Over the years, I have interviewed hundreds of CEOs, executives, serial entrepreneurs, and successful individuals–for written content, and also my own learning. And I have found, time and time again, that successful people all tell themselves these 7 things on a daily basis:

1. “I will figure it out.”

People who succeed don’t plan for failure. 

Instead, they plan for obstacles. They know there will be challenges. They know they will need to find their own solutions. So, instead of planning on dealing with defeat, they master skill sets that prepare them for the worst.

They tell themselves, over and over again, “I will figure it out. No matter what.”

And they do.

2. “Everything in the world was built by people no smarter than you.”

This Steve Jobs quote has become a mantra for successful people all over the world. 

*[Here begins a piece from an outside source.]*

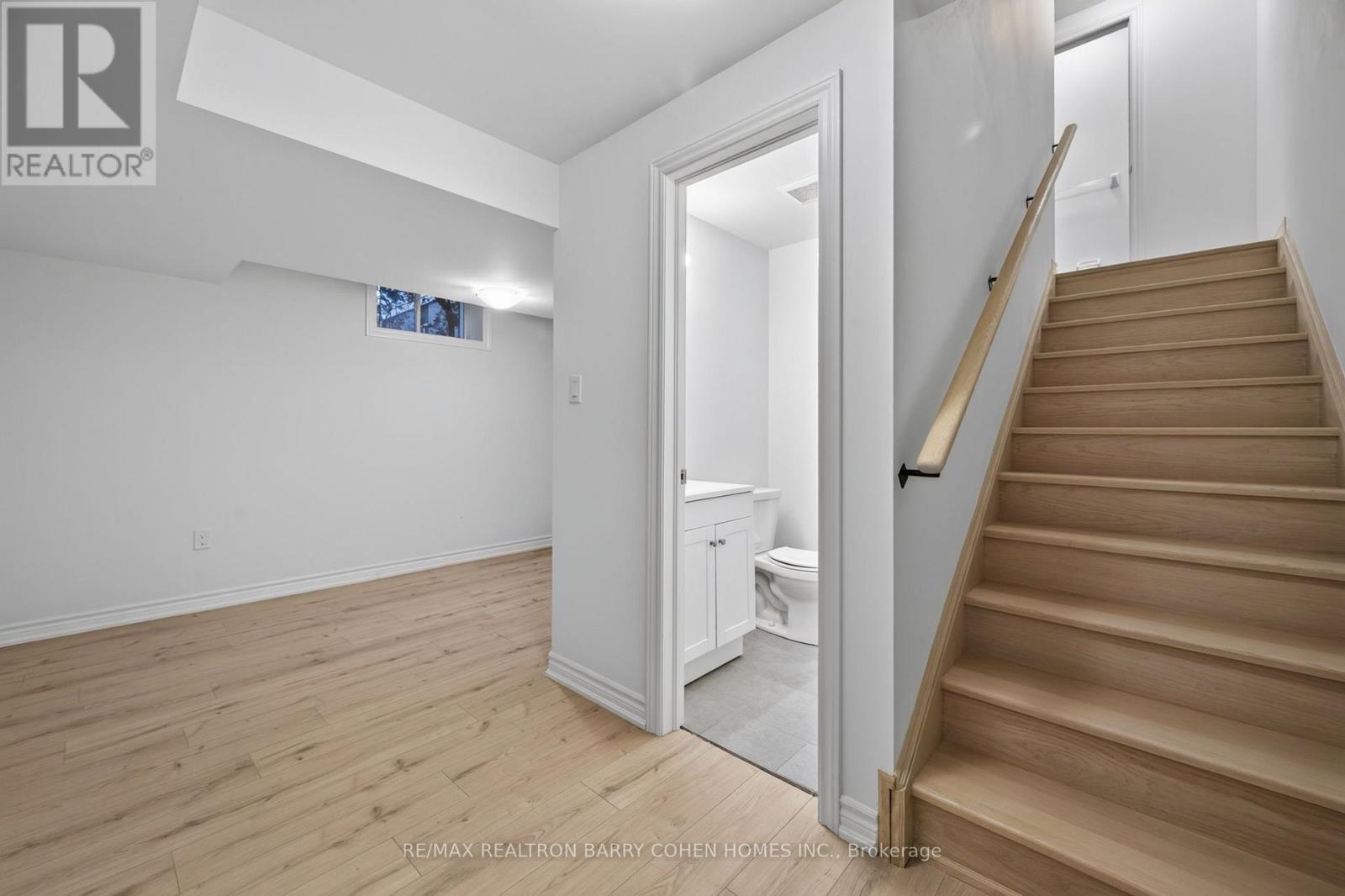 36 LUVERNE AVENUE - 31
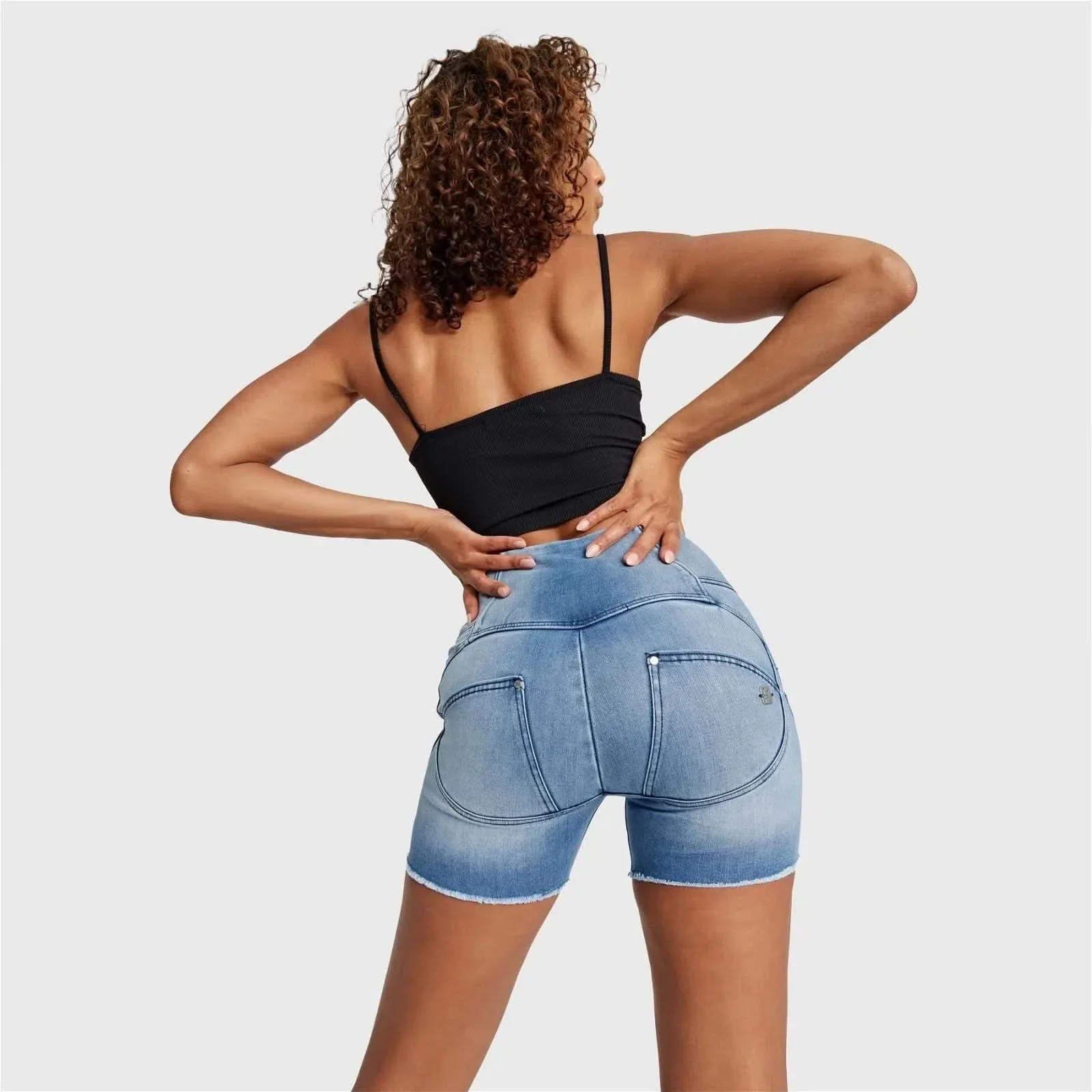 WRUP SNUG Jeans - High Waisted - Shorts - Light Blue + Blue Stitching - Image 4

Those who achieve their goals don’t see the world as fixed, or set in stone. They see it as malleable, constantly moving, ready to be disrupted by the next great idea. And they see themselves as the person fit for the job.

The moment you realize that the world around you was made by other people just like you–people who woke up one day and decided to start working relentlessly toward their vision–is the moment you’re able to take full control over your life.

3. “Never mistakes. Only lessons.”

People who achieve big things in their lifetime operate under the assumption that in every mistake is a lesson.

They don’t get bogged down making themselves feel bad for a misstep. They don’t punish themselves for doing something wrong. They take everything in stride, in order to keep moving in a positive direction.

Calling something a “mistake” is almost counterproductive.

Call it a lesson instead.

4. “Work hard to know what you don’t know.”

There is a misconception that all successful people are egotistical, or “have it all figured out.”

The truth is, most very successful people are the complete opposite. They are extremely open, ready and willing to learn–always on the lookout for the next thing they don’t know.

This is such an important distinction between those who achieve short-term success and those who are able to sustain it over long periods of time. Success is all about being aware of your next weakness, the next thing you can improve.

And in order to do that, you have to know what you don’t know.

5. “Forget your competition.”

While there is absolutely something to be said for keeping tabs on your competitors, I’ve found the most successful individuals to be hyper focused on their own direction and where it is they feel they need to go.

Reason being, focusing on your competition for too long can cause you to be distracted. You end up making decisions based on someone else, rather than questioning what would be best for you, your team, your company, etc. 

Successful people forget their competition. 

6. “Take the time to get it right in the beginning.”

This is a phrase a mentor of mine, fellow Inc columnist Ron Gibori, said often. He’d say, “There is always time to get it right in the end, when everything has fallen apart. So make the time to get things right in the beginning.”

I find that most successful people work very, very hard in the beginning of projects, engagements, deals, etc., to make positively sure every single element is on track. They know that if they take the time to get things right from the start, they don’t have to put out fires half-way through.

It’s all about attention to detail.

7. “Never forget why you started.”

Again, I am constantly surprised by people who have achieved massive amounts of success in their lives, and how connected they are to the beginning of their journey. They remember where they started. They remind themselves often why they got into the business they’re in. Their motivation comes from a love for growth, not necessarily the achievement of an end goal.

In order to maintain long-term success, this is a crucial part of the process. You have to remember why you started down this road in the first place–and do everything in your power to make sure you never forget it.